INFORMATION PROVIDED →

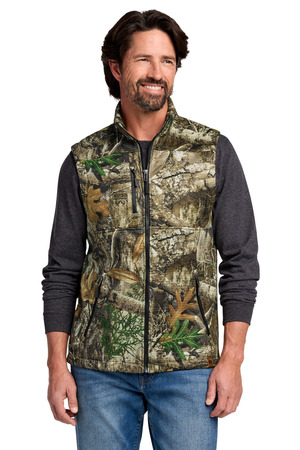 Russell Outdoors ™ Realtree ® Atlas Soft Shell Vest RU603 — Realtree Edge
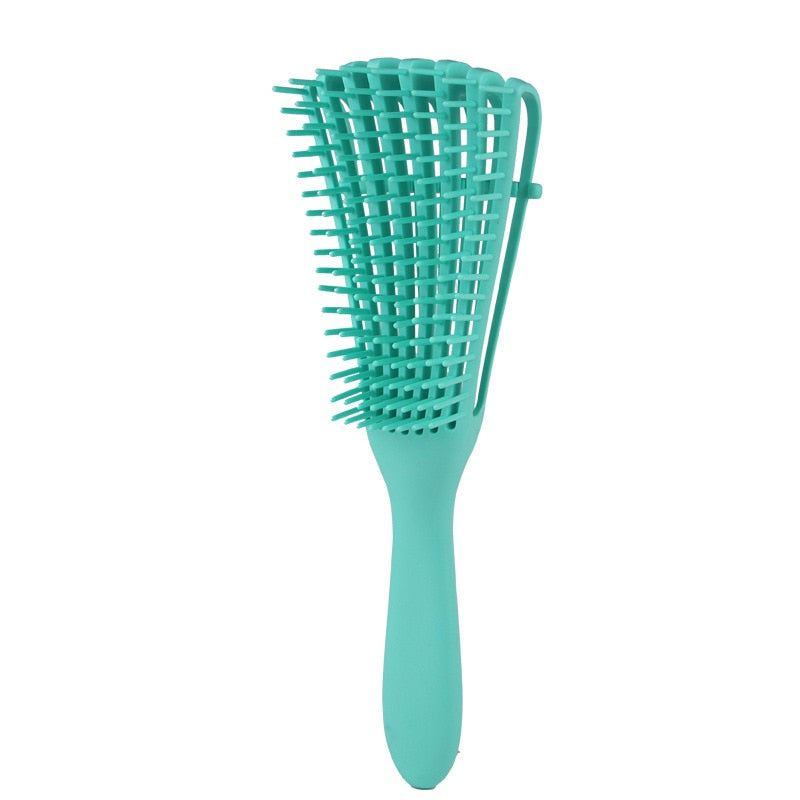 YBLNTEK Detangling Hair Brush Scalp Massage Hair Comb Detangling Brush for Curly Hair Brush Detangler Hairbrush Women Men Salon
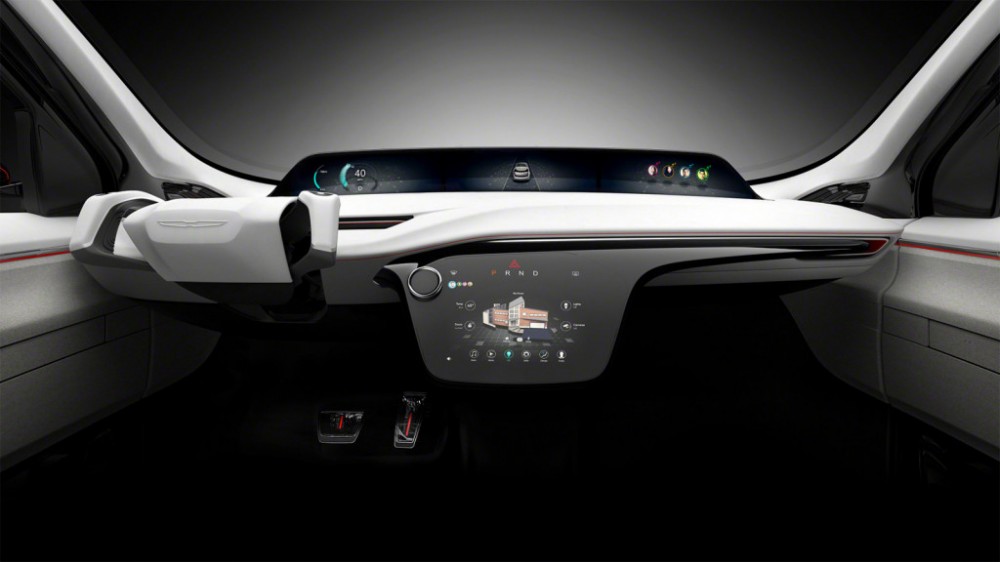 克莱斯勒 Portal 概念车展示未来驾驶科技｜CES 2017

WHAT YOU SHOULD DO → Print the material word for word without images.

THE COMPLETED TASK →
 Russell Outdoors ™ Realtree ® Atlas Soft Shell Vest RU603 — Realtree Edge
 YBLNTEK Detangling Hair Brush Scalp Massage Hair Comb Detangling Brush for Curly Hair Brush Detangler Hairbrush Women Men Salon
 克莱斯勒 Portal 概念车展示未来驾驶科技｜CES 2017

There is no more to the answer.